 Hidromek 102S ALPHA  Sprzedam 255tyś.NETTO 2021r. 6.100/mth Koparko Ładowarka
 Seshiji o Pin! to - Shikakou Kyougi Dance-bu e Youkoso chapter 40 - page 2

· · ·

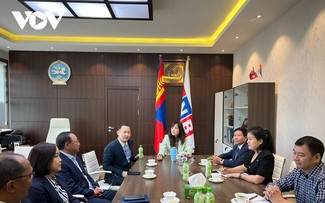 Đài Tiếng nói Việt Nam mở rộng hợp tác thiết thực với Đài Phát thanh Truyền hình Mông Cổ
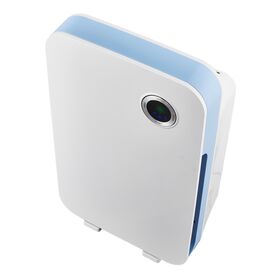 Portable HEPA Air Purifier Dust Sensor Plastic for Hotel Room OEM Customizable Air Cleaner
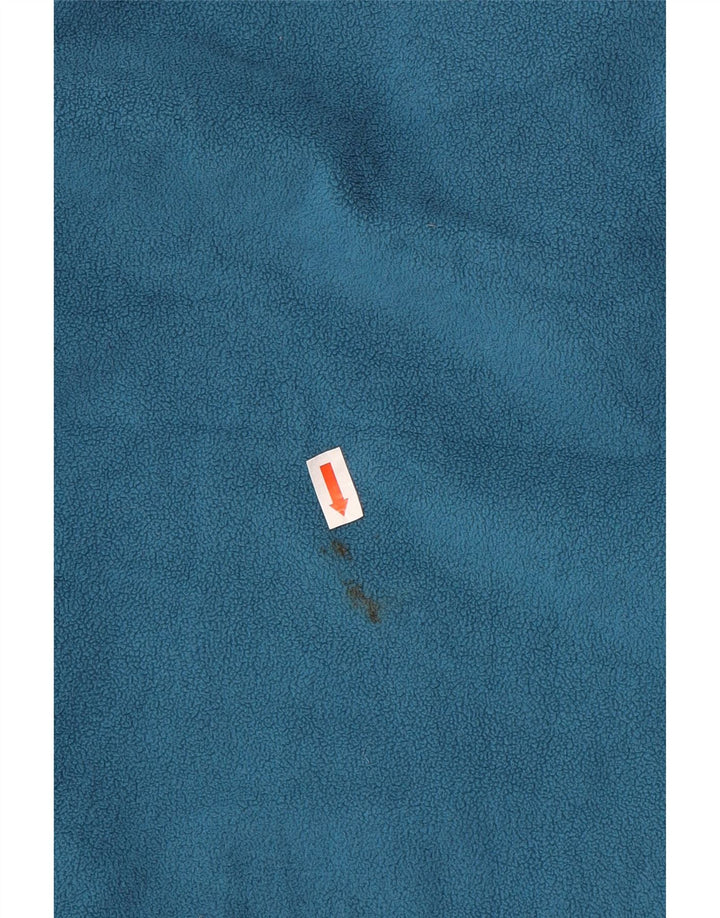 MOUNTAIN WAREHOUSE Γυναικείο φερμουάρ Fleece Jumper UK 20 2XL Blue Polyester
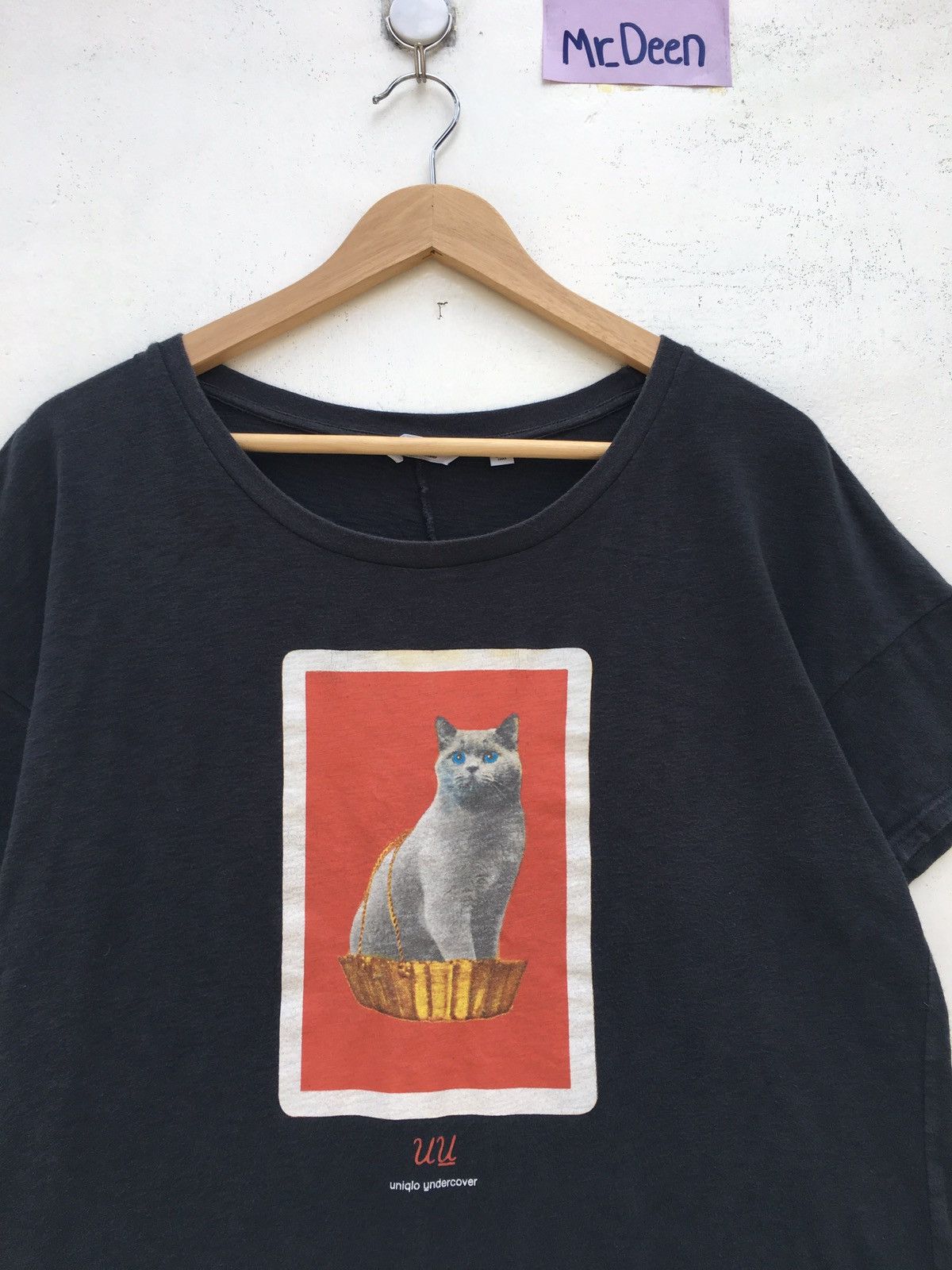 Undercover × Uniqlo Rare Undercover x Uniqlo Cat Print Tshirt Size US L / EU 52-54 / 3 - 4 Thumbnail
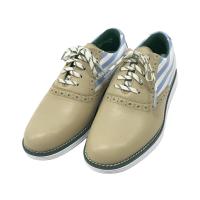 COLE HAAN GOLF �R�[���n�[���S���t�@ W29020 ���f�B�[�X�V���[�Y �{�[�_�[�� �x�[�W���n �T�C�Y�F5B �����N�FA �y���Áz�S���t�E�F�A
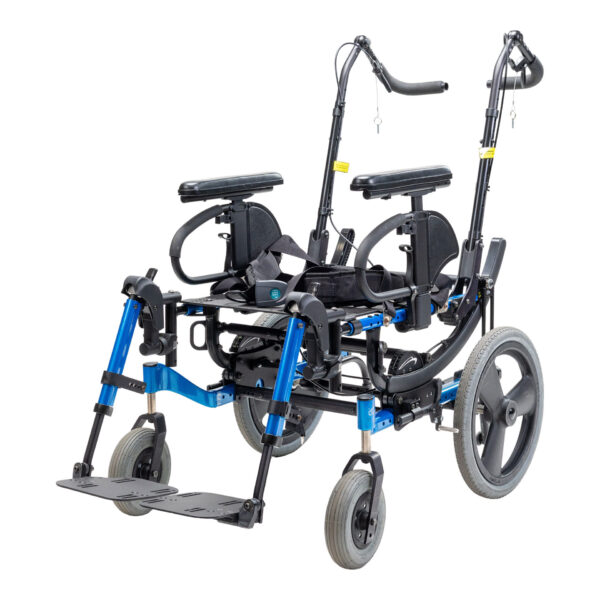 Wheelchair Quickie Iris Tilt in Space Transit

· · ·

> **EXERCISE AIM**:
Would you retype exactly the lines above, from the line with "Hidromek 102S ALPHA" to the line with "Seshiji o Pin!", with both end lines kept and nothing more?

> **SOLUTION FOR THIS TASK**:
 Hidromek 102S ALPHA  Sprzedam 255tyś.NETTO 2021r. 6.100/mth Koparko Ładowarka
 Seshiji o Pin! to - Shikakou Kyougi Dance-bu e Youkoso chapter 40 - page 2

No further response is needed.